March 29, 2023
Thy various works, imperial queen, we see
How bright their forms! How deck’d with pomp by thee!
Thy wond’rous acts in beauteous order stand,
And all attest how potent is thine hand…
From "On Imagination"
The Booth Family Center for Special Collections is celebrating Women’s History Month with the poetry of Phillis Wheatley.
One of the most famous poets of the 18th century, Phillis Wheatley was born sometime around 1753 in Gambia. Stolen from her home by slave traders and enslaved by the Wheatley family in Boston, Massachusetts, she was named Phillis for the ship that brought her to the colonies. Educated by Susanna Wheatley, Phillis began publishing poetry around age 12.
Her first book, Poems on Various Subjects, Religious and Moral, was published in 1773 to wide acclaim. Wheatley was one of only two or three women published in the American colonies at the time, and the first enslaved person to be published.
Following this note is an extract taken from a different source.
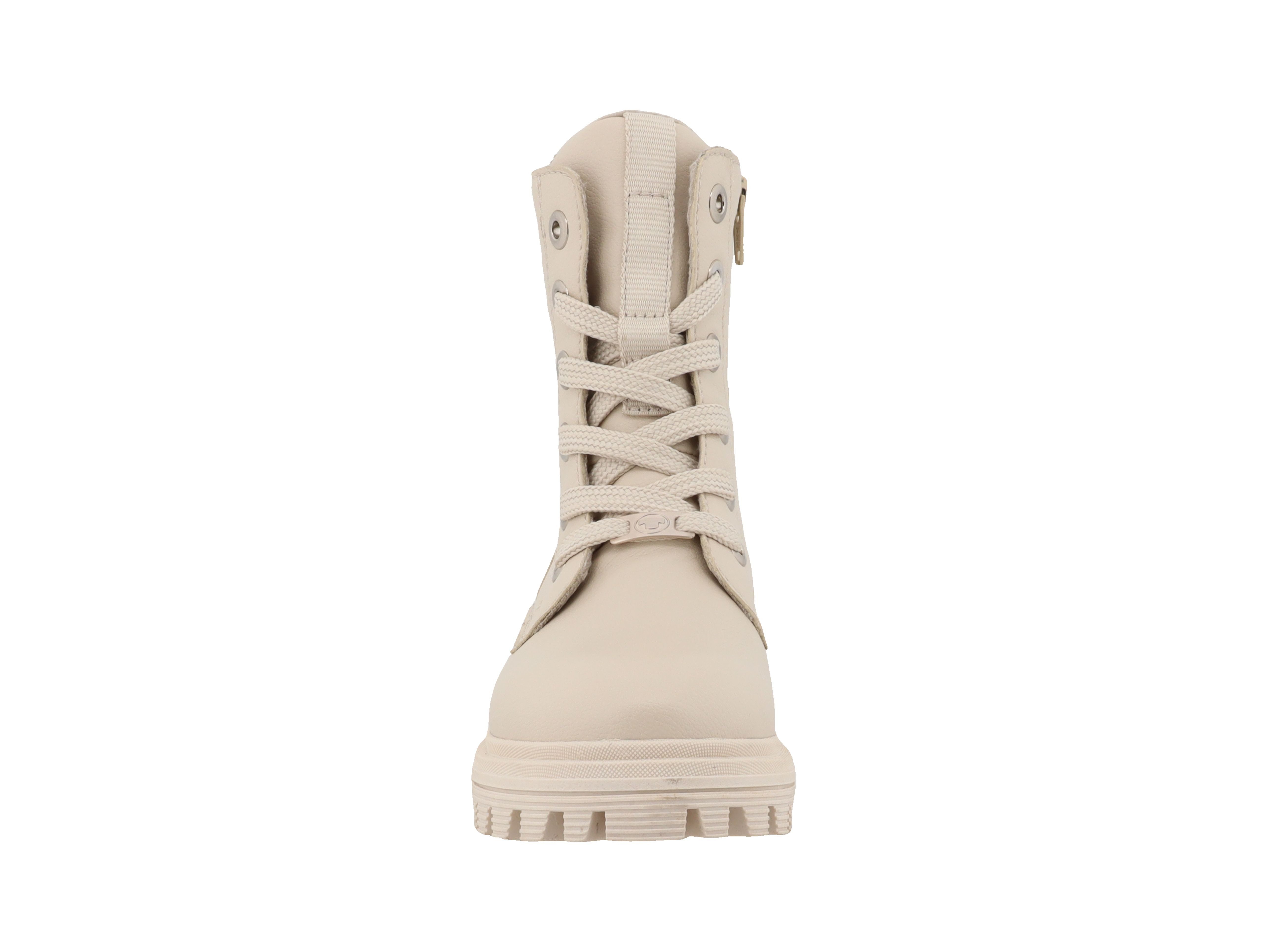 TOM TAILOR Winterboots, Schnürstiefelette, Winterstiefelette mit TEX-Membran, bequeme Form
The Wheatley family manumitted Phillis in 1774 and she continued to write for another decade until her death in 1784.
A first edition of Poems on Various Subjects, generously loaned by Emeritus Professor Paul F. Betz, and a French lithograph portrait of Wheatley that is considered to be one of only two accepted portraits of her, are currently on display on the 5th floor of Lauinger Library outside the Booth Family Center of Special Collections.